Faced with inflation and rising costs of living, consumers became much more willing to explore whether they were more motivated by the object or the logo (brand) on it.
The normalization of dupe culture means that even affluent consumers increasingly mix luxury items with budget basics, rather than being loyal to a specific price tier.
Overall, dupes have become socially acceptable and consumers view buying dupes as evidence of being economically savvy and informed, rather than compromising on quality by buying a copy.
Generally, consumers are comfortable buying dupes where the purchase is primarily functional or aesthetic rather than symbolic. In these categories, consumers tend to focus on outcomes rather than origins.
Le Creuset-inspired cookware, designer furniture lookalikes and supermarket own-brand kitchen ranges continue to thrive because consumers care more about appearance and utility than provenance. If a pan cooks well and looks good on the hob, the visual signifier and logo become less critical.

Beauty is perhaps the strongest example of all. Consumers routinely substitute premium brands such as Charlotte Tilbury, Drunk Elephant and Sol de Janeiro for lower-cost alternatives that promise a similar experience. In many cases, the functional outcome feels close enough that the premium becomes difficult to justify. TikTok's countless "save versus splurge" comparisons have only accelerated this trend.

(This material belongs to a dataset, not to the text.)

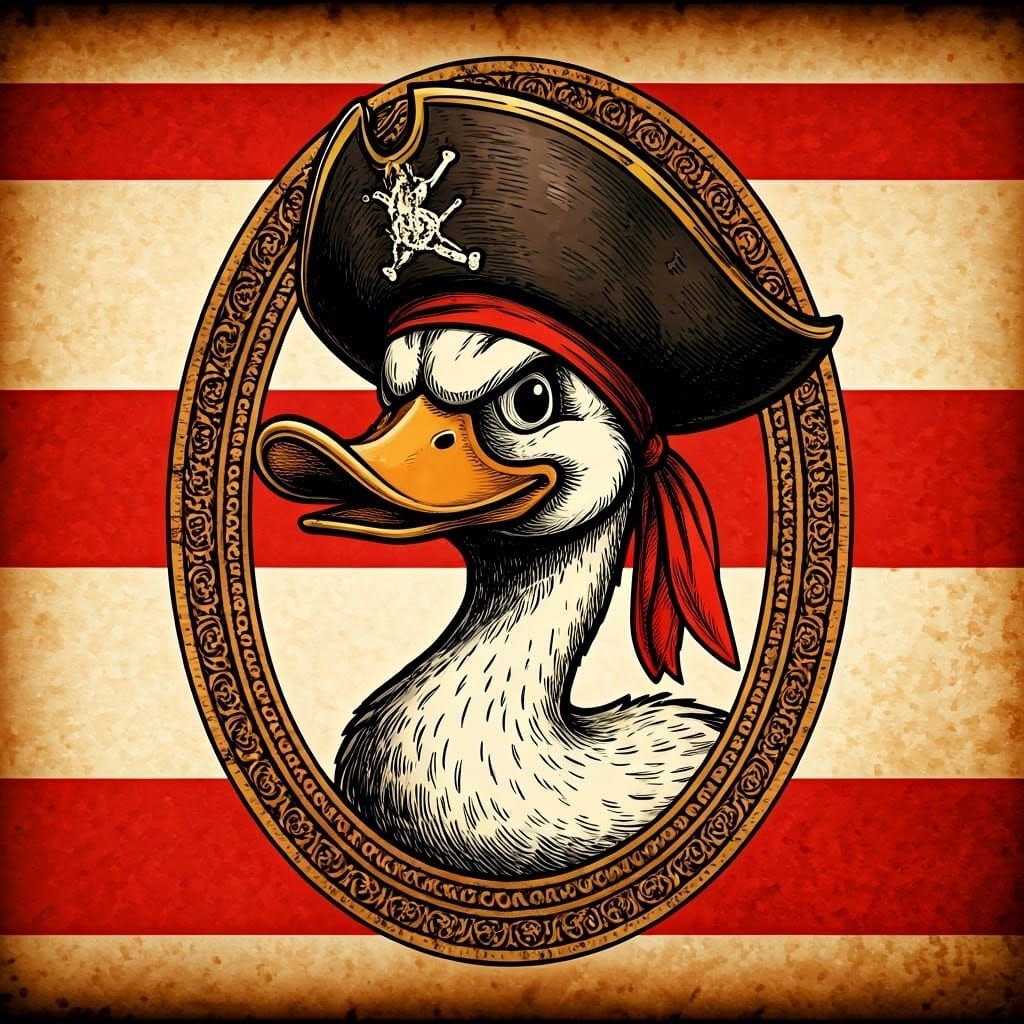 Pirate Duck Flag Illustration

Increasingly, luggage finds itself in a similar position. For many travelers, it’s about nailing the basics: whether the wheels roll smoothly, the zip closes securely and the case survives the journey. If a £250 aluminum case delivers those outcomes, many consumers struggle to see why they should spend four times as much.

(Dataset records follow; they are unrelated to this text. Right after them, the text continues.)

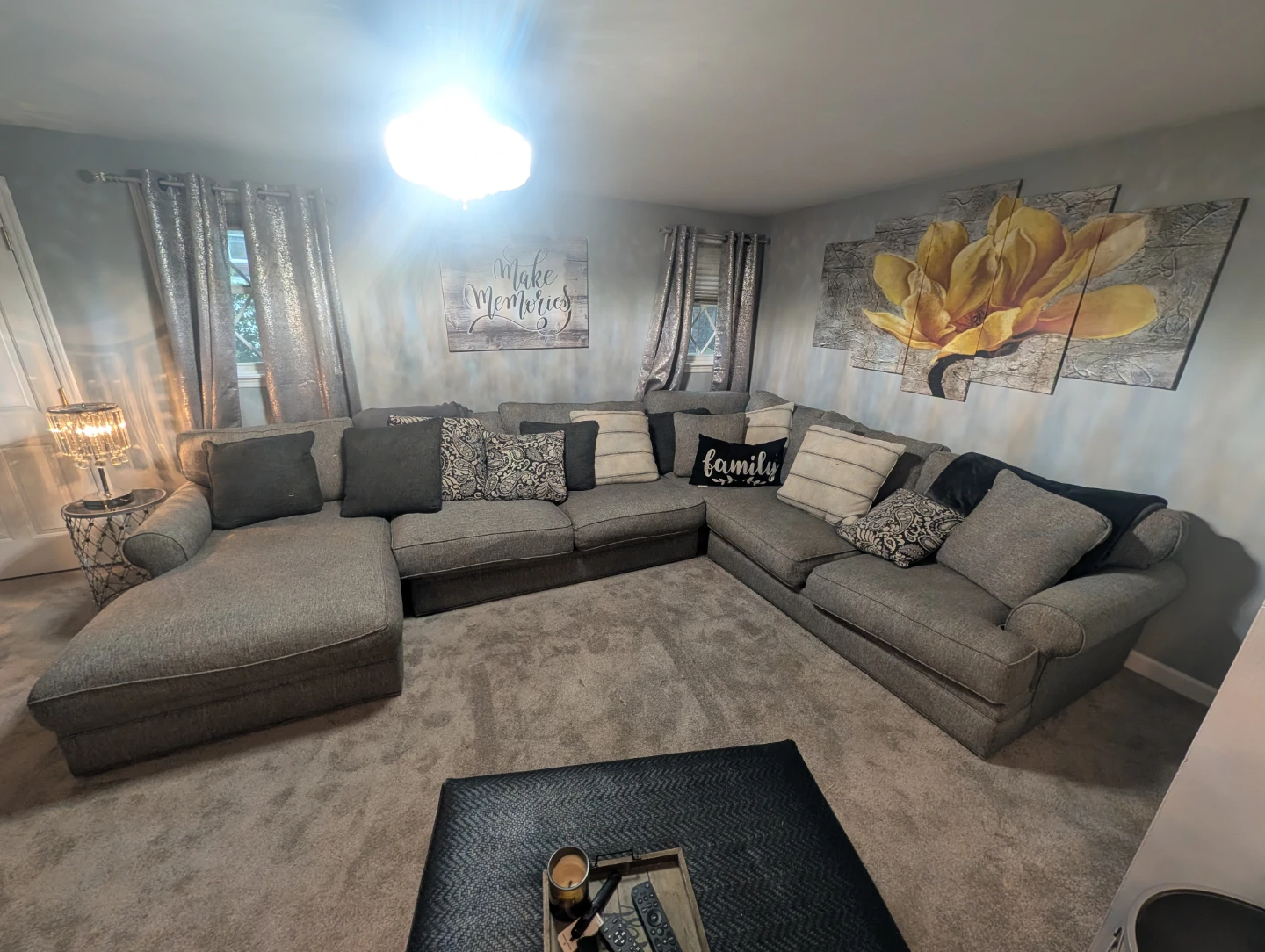 Large Gray Sectional Sofa with Chaise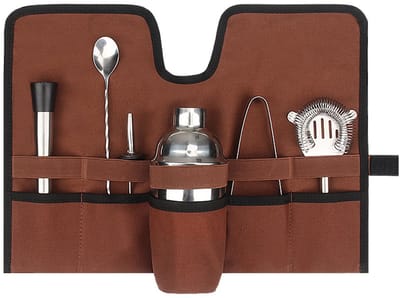 Dailygoods- Barmantas - Opvouwbare Cocktailset - Canvas Draagtas - Compact en Lichtgewicht - Voor Kamperen en Reizen - Duurzaam Materiaal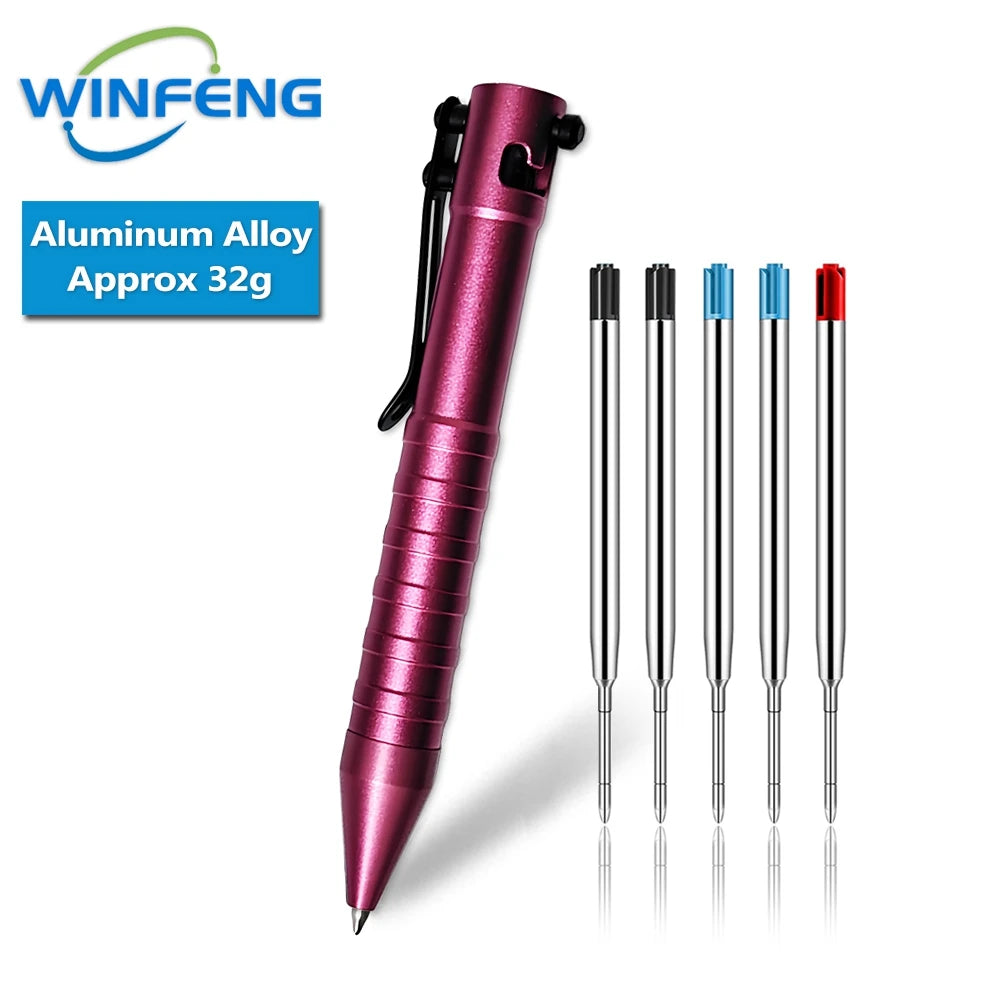 High Quality Metal Self Defense Tactical Pen Bolt Action Business Signature Ballpoint Pen Emergency Glass Breaker Survival Kits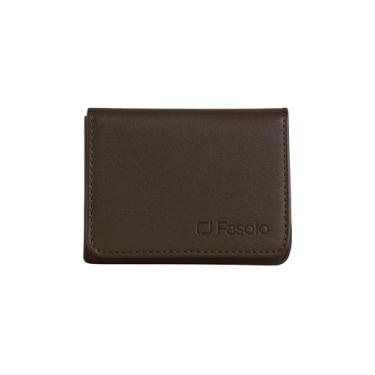 Imagem de Carteira Masculina Fasolo Couro Compacta Fina - Cafe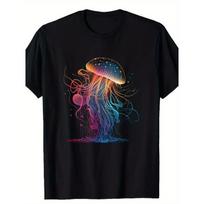 European sizes Men's Vibrant Jellyfish Ocean Scene T-Shirt , Short Sleeve, Crew Neck, Machine Washable S juoda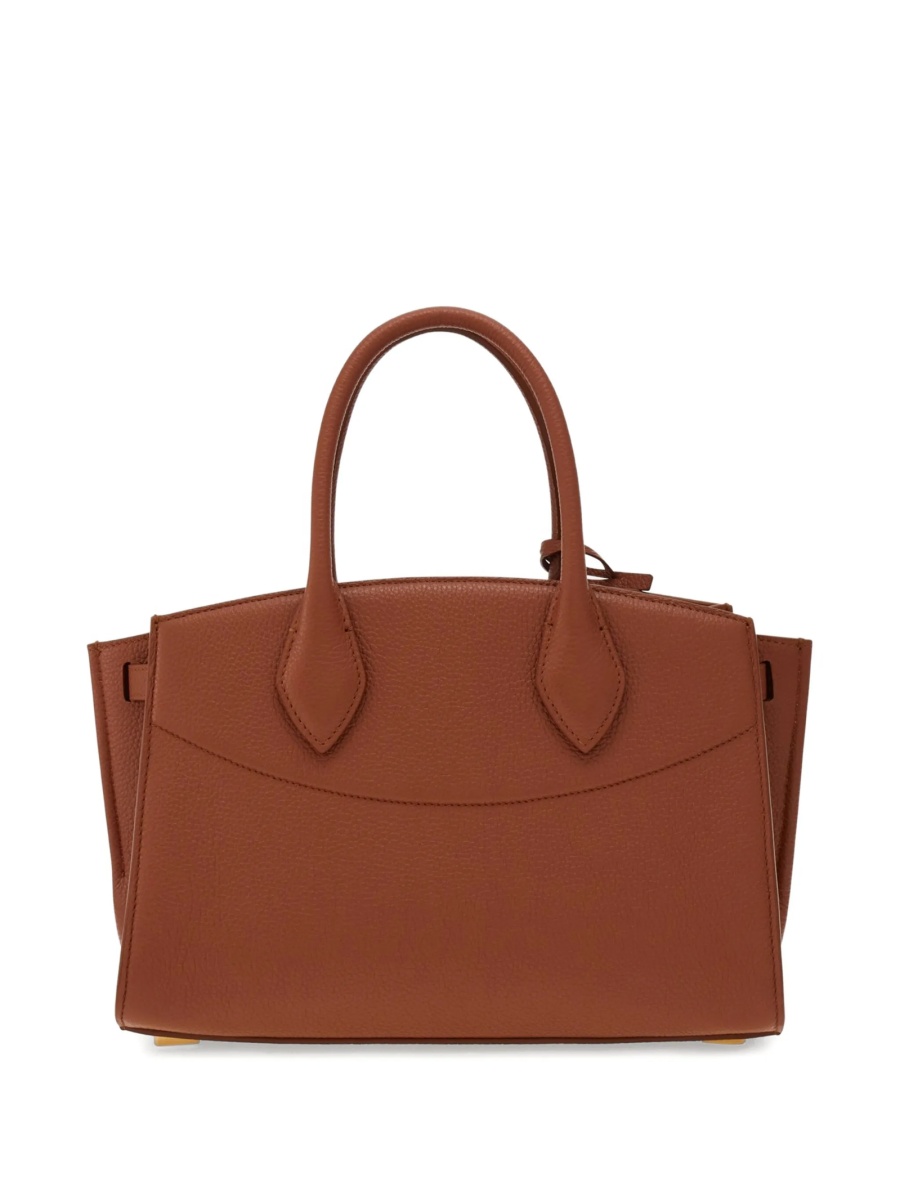 Geanta de mana Ferragamo STUDIO BAG maro din piele - Img 4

This presents a challenge for premium luggage brands, as materials, features and manufacturing techniques become more widely available. Leisure travelers and occasional travelers are more likely to view luggage as a utility purchase and therefore be receptive to dupes.

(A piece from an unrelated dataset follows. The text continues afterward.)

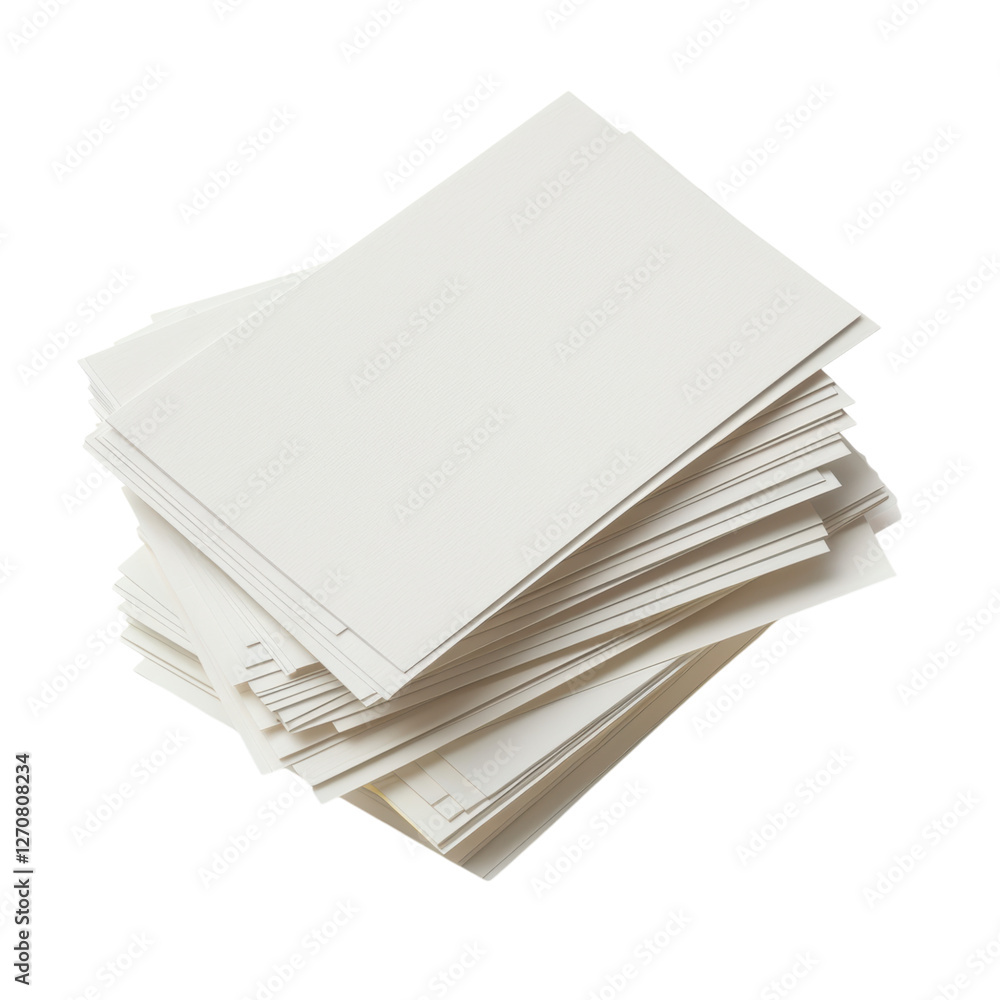 Poster stack of blank white paper sheets on transparent background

The categories where consumers continue to value originals are equally revealing it is where ownership itself creates value.
Luxury handbags remain one of the clearest examples. A counterfeit Birkin does not deliver the same social meaning as an authentic Hermès Birkin. The craftsmanship matters, but so does the exclusivity, the waiting list, the story and the cultural cachet. In many respects, authenticity is the product.
The same principle applies to watches. Buyers of Rolex, Patek Philippe and Audemars Piguet are not purchasing a way to tell the time, when they can do that perfectly already on their mobile phones. They are buying status, scarcity, craftsmanship and increasingly, an asset that may hold or increase its value. A dupe or collab can undermine much of what makes the original desirable, for example, if you look at the recent Swatch Audemars Piguet pile-on.

Collectibles provide another example. Whether vintage luggage, limited-edition sneakers, Pokémon cards or art, ownership history often contributes directly to value. In these markets, provenance is not an added benefit; it is part of the product itself.
The distinction is important because it reveals that consumers are not necessarily rejecting premium products. Rather, they are becoming more selective about where authenticity matters and where functionality is enough.
Between luxury and budget, there’s a growing middle ground that many brands are actively targeting.
Sometimes described as "masstige" - prestige made more accessible - this segment appeals to consumers who want quality, design and a sense of aspiration without paying true luxury prices. Luggage brands like Away, July, Monos, Antler and Carl Friedrik have successfully positioned themselves in this space. They offer elevated design, strong storytelling and premium features, while remaining significantly more affordable than the top tier luxury brands.
Their proposition is compelling because it addresses a question many consumers are inwardly asking themselves how to tap into the experience without the luxury price tag.
For many shoppers, the answer is no longer to trade down to the cheapest option, but to trade across to a brand that feels premium enough.
This is where pricing architecture becomes increasingly important.
Historically, luggage sat within relatively clear pricing tiers. Budget products occupied the entry level, mid-market brands sat comfortably in the middle, premium products commanded a meaningful uplift and luxury brands operated in a category of their own.
Today those distinctions are becoming harder to maintain.
Consumers can buy polycarbonate cases at virtually every price point. Aluminum is no longer so exclusive. Smooth-rolling wheels, integrated locks and premium-looking finishes have become widely available.
The result is a phenomenon often described as price compression. As product features become more similar, consumers become less willing to pay dramatically different prices for apparently similar outcomes.
This does not mean premium brands are doomed: it means that they must communicate louder on dimensions like distinctiveness, service and emotional value, rather than differentiation in features, a crowded space in which it is harder to stand out.
The strongest premium brands increasingly sell identity rather than functionality. They are selling what ownership says about the consumer and how that ownership makes them feel.
Perhaps the most interesting aspect of dupe culture is that it does not necessarily weaken premium brands. In many ways, it forces them to become clearer about what they offer, both in the purchase moment and in the years to come.
When aluminum luggage was rare, consumers paid for aluminum, despite the price.
Now that aluminum is available at almost every price point, consumers must decide whether they are paying for craftsmanship, heritage, service, status and emotional connection - or simply for the shiny material.
In a world where materials, features and even aesthetics can be replicated at every price point, lasting premium value comes from something harder to imitate heritage, authenticity and the stories consumers tell themselves about ownership. The challenge is no longer avoiding comparison with a dupe but giving people a compelling reason to pay a premium for the original.